The Outfit (in theaters)

Sometimes, the best thing about a movie is watching a particular actor strut their stuff.

Though the movie has other charms, the real reason to watch “The Outfit” is watching Mark Rylance do what he does best. He’s quietly electric every moment he’s onscreen, a subtle engine still powerful enough to drive the story. The twisty, theatrical thriller can drag at times, but never when Rylance is the focus.

In the movie, which opens in theaters this weekend, he plays a tailor with a mysterious past who makes fancy suits for the mob. When a mobster’s son makes him stitch up a gunshot wound, he overhears a secret he’s not supposed to know and gets caught up in a web of intrigue. Who’s lying to who, and what will it take to survive the night?

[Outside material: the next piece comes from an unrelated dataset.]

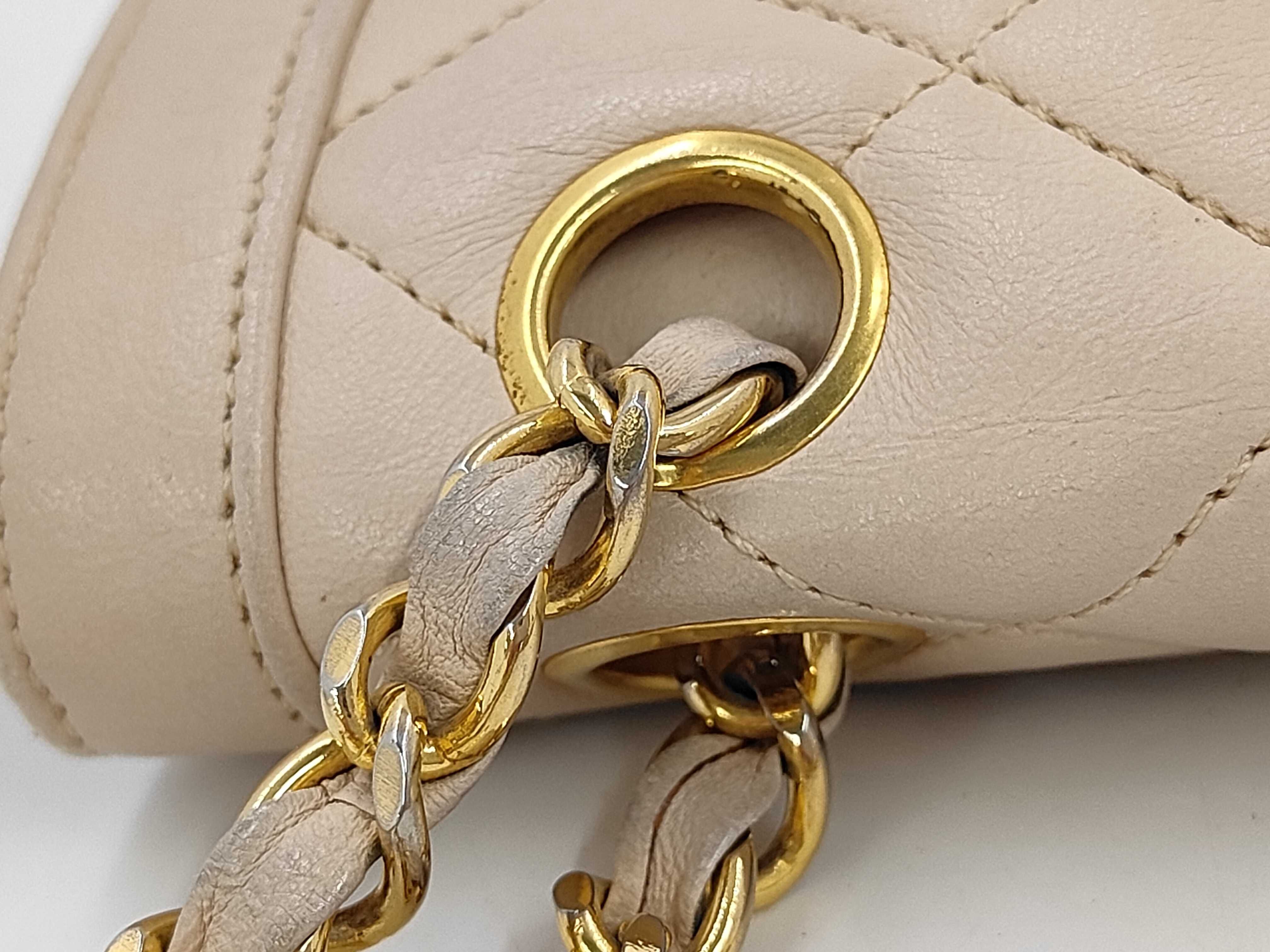 Matelassé Paris Limited Edition Chain Shoulder Bag, Beige Shoulder Bag — view 6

The movie is incredibly theatrical, with closeups being the main difference between this and watching a stage play. That’s a good thing when it comes to Rylance, who fills his performance with nuances that clue you in to what’s happening even when the script doesn’t. Of course, you might not want to trust his clues, since he layers his performance to the point that you’re never sure what’s true and what’s a carefully tailored lie.

The movie shared some of the same tailoring, with twists that unspool like a clockwork machine. There are times when it ticks by much too slowly, leaning too hard into its theatrical nature through a seemingly endless string of conversations. Still, there’s a nice complexity to it that keeps your attention.

At the heart of it all is Rylance. Even if you don’t like anything else about the movie, it’s hard not to love watching a master at work.